Nel 1980 la vita attesa dei cittadini italiani era 74 anni, nel 2005 era 81, tra le più alte d'Europa e quasi 3 anni più elevata che negli Stati Uniti. La vita attesa dipende da fattori esterni ai sistemi sanitari, come gli stili di vita, i rischi ambientali e le condizioni socio-economiche. La mortalità infantile, invece, è più sensibile al funzionamento dei servizi sanitari: laddove è bassa, significa che mamme e bambini sono seguiti bene nella quotidianità come nelle emergenze, eventualmente anche con interventi con tecnologie complesse. Nel 1980 l'Italia aveva una mortalità infantile di 14,6 bambini morti nel primo anno di vita per 1.000 bambini nati, il valore più alto di quelli presentati in tabella. Nel 2005, la mortalità infantile era pari a 3,8, uno dei livelli più bassi del mondo.
Sicuramente questo risultato è stato favorito dal clima, dalla dieta e da istituzioni familiari solide, ma il Ssn italiano ha dato un contributo rilevante, attestato da evidenze concrete, alla salute degli italiani. Quest'ultima, infatti, è notevolmente migliorata da quando il Ssn è stato istituito.
A quali costi tali risultati? Nel 1980 la spesa sanitaria pubblica sul Pil era pari a circa il 5,7%; in 25 anni è cresciuta di circa un punto percentuale. Ma la crescita della spesa sanitaria pubblica in Italia, che si attesta negli anni più recenti attorno al 6,5/7%, è stata inferiore a quella della Francia e della Germania che hanno percentuali rispetto al Pil abbondantemente sopra l'8%. La spesa sanitaria pubblica italiana è pertanto cresciuta a tassi più contenuti di quella dei maggiori paesi europei.

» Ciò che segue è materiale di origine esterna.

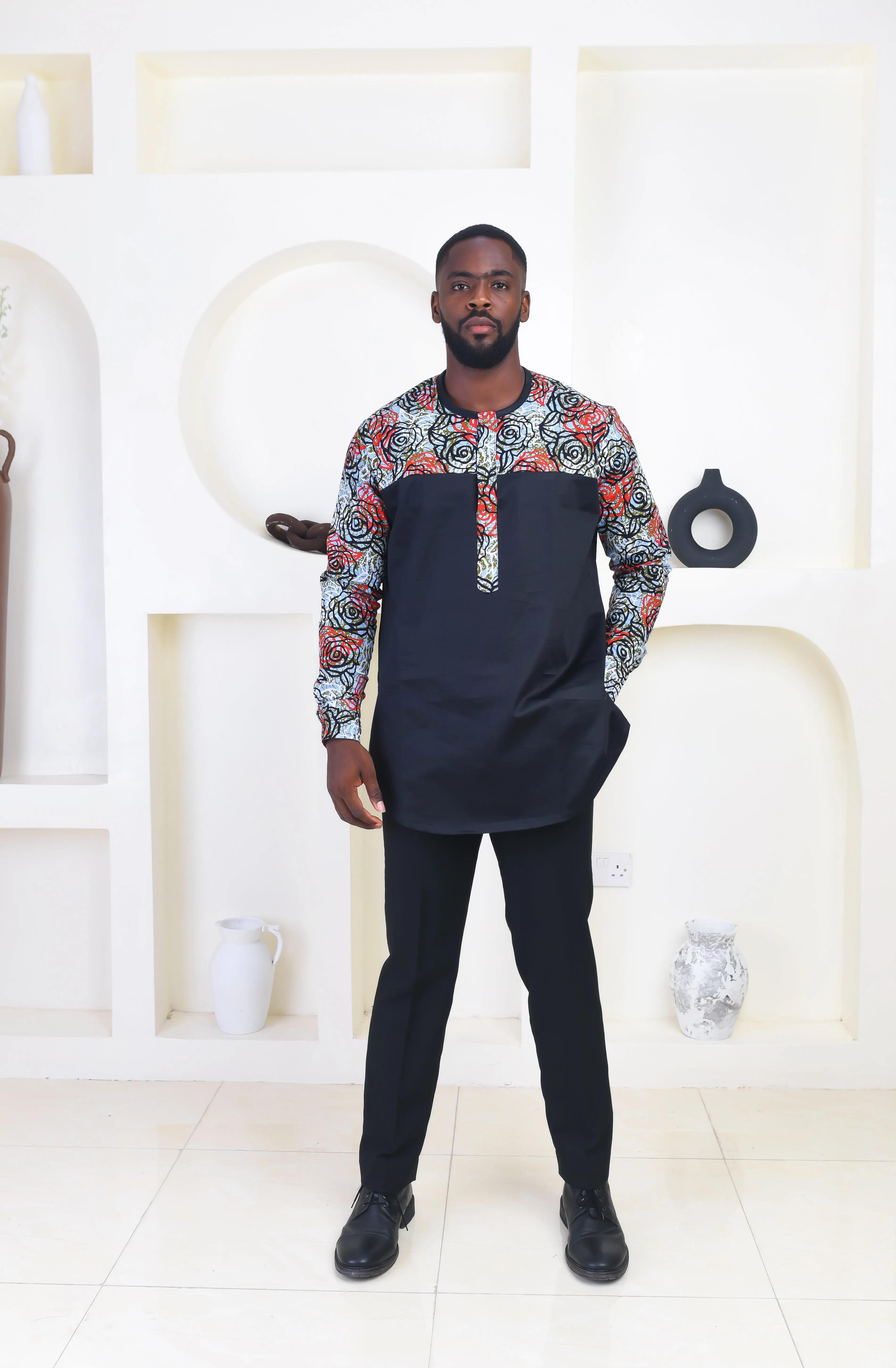 African Print Long Sleeve Kaftan Top for Men - Ifeoluwa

In sostanza, i dati di lungo periodo del sistema sanitario pubblico del nostro paese sono sostanzialmente positivi, almeno a livello aggregato. Il Ssn presenta dati di performance positivi. Dai numeri, infatti, appare che nel 1978 gli italiani fecero bene a razionalizzare il vecchio sistema mutualistico e a creare un sistema di garanzie nazionali affidato alla gestione delle regioni.

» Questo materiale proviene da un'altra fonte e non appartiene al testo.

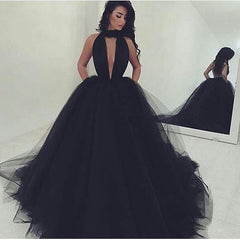 Amazing Black V-Neck Tulle Ball-Gown Prom Party Gowns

I dati di sintesi possono mascherare forti variazioni territoriali ed è quindi importante avere una lettura più approfondita delle tendenze regionali. Effettivamente l'Italia continua ad avere forti differenze interne, non tanto per quanto riguarda la spesa pubblica pro capite, la cui variabilità è stata notevolmente ridotta, piuttosto per quanto concerne alcuni essenziali indicatori di salute. Purtroppo, ancora oggi i cittadini del Mezzogiorno registrano tassi di mortalità infantile nettamente superiori alla media europea e la stessa vita attesa, favorita dal clima e dalla dieta del Mezzogiorno, non cresce più ai ritmi di quella del Nord. Insomma, i dati medi sono buoni, anche se le differenze tra le regioni persistono, quasi a ricordarci che neppure un buon sistema nazionale può rendere omogenee le condizioni di vita e di salute nelle diverse regioni italiane.
Nel 2000 l'Oms diede la medaglia d'argento al sistema sanitario italiano, ritenendolo inferiore soltanto a quello francese. Anche i dati più recenti mostrano un sistema sostanzialmente efficace ed economico nel contribuire a produrre salute. Tali dati nulla tolgono alla gravità di numerosi scandali o a i disservizi che gli italiani quotidianamente incontrano nell'accedere al sistema sanitario. Ma le macro-evidenze sono positive e le politiche sulla salute degli ultimi 30 anni, che hanno visto nella regionalizzazione, nell'aziendalizzazione e nella competizione amministrata gli assi portanti, potrebbero essere d'insegnamento anche per altri settori della pubblica amministrazione come l'istruzione e l'assistenza sociale.